Elaine Vigneault recently commented giving a link to this Galllup poll showing that the Japanese attempt to live a green lifestyle about as much as those in the US. As Elaine points out, sometimes anti-Japan commentary is a feature of AR/environmental activism, but the poll indicates that views on the environment are not, perhaps, that much different than in the States (so it’s not that the Japanese are evildoers who don’t care about the earth).

In other good news, vegan truffleteer (Is that a word? It is now… anyway she’s a chef! And makes truffles!) Lagusta Yearwood, who suggested coconut oil as a substitute for troubling palm oil products like Earth Balance has some good news:

So I contacted my source at Omega Nutrition, and to their credit it took them only six months and two emails to respond.

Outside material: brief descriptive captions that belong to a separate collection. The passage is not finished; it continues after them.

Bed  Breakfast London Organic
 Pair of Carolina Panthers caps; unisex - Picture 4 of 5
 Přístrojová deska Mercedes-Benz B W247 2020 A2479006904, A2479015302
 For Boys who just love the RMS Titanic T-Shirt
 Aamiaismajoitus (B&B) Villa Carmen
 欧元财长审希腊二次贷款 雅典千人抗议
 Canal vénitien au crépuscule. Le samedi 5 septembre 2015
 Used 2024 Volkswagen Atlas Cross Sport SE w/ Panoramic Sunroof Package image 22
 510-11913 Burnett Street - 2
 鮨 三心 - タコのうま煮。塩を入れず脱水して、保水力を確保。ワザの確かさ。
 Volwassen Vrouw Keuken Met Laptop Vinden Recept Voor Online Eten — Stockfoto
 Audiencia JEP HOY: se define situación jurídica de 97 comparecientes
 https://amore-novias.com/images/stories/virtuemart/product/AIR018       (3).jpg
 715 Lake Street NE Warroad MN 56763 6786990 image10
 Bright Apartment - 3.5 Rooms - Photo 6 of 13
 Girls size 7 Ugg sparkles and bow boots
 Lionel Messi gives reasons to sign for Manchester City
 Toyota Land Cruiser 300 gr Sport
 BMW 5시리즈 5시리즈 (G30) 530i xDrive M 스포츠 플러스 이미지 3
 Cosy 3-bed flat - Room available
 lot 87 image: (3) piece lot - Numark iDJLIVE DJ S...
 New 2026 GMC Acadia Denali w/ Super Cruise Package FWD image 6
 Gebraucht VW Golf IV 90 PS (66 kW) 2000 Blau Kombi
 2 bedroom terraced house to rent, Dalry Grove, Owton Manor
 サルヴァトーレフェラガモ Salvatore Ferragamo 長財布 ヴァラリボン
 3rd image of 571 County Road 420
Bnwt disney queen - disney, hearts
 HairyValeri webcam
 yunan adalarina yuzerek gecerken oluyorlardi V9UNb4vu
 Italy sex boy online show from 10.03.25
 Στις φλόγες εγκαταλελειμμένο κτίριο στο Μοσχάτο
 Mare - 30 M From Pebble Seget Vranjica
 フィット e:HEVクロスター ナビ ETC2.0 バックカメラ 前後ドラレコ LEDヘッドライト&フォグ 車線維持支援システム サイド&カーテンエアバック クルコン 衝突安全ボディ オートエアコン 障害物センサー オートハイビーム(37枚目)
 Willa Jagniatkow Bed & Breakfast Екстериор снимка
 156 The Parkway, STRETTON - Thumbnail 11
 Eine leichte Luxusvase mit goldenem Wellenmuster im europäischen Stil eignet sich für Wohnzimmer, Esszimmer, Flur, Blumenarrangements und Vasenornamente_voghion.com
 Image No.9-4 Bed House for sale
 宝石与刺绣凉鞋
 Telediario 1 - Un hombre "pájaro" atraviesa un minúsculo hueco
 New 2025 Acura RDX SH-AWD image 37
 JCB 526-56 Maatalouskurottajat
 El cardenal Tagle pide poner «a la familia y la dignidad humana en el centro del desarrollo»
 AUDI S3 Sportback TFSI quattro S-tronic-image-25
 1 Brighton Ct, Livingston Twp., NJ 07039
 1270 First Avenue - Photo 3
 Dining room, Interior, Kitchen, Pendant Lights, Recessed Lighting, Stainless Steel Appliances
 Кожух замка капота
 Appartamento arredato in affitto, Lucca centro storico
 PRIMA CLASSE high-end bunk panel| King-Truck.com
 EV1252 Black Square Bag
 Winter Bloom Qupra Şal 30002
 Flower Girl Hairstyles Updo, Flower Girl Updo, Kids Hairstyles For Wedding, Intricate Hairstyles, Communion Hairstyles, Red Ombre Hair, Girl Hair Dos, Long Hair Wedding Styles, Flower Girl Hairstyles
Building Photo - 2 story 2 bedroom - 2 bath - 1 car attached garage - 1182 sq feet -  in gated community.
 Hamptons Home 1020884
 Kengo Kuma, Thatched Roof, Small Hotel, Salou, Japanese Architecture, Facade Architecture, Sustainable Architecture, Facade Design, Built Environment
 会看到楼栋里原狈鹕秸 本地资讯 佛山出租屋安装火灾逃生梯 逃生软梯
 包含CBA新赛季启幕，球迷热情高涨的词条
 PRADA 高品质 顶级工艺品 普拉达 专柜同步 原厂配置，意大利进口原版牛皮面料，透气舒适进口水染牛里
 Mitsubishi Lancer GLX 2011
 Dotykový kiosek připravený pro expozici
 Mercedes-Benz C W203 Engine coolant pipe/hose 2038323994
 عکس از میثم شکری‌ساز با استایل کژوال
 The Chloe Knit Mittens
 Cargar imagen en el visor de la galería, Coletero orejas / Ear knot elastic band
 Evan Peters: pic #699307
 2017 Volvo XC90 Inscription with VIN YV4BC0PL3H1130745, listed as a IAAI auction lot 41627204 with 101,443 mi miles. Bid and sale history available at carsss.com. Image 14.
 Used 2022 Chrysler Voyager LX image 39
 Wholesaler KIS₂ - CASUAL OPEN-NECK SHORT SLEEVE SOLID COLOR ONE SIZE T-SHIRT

As their response was the president and co-founder of the company, Robert Gaffney, calling me up and us having a great chat, I can’t complain.

As I suspected, coconut oil is a vastly more sustainable product than icky old palm oil, primarily because palm oil production entails razing entire fields and forests of trees—sadly, it is akin to slash-and-burn deforesting tactics used to clear-cut land to graze animals, which is one reason many of us became vegetarian in the first place. This process obviously destroys entire ecosystems, but it seems to have a particularly devastating effect on endangered orangutans.

Coconut oil production, on the other hand, entails harvesting the fruits of the tree and letting the tree live so it can continue to produce more coconuts.

Robert told me that he gets his coconuts from the Philippines, where he works with a guy who employs about 2,000 employees who sustainably harvest his organic coconuts. Apparently the coconut palms are wild and the guy who runs the business in the Philippines started it in order to fund an organic banana chip business on the same land, so I believe there is some sort of symbiotic ecosystem thing going on there.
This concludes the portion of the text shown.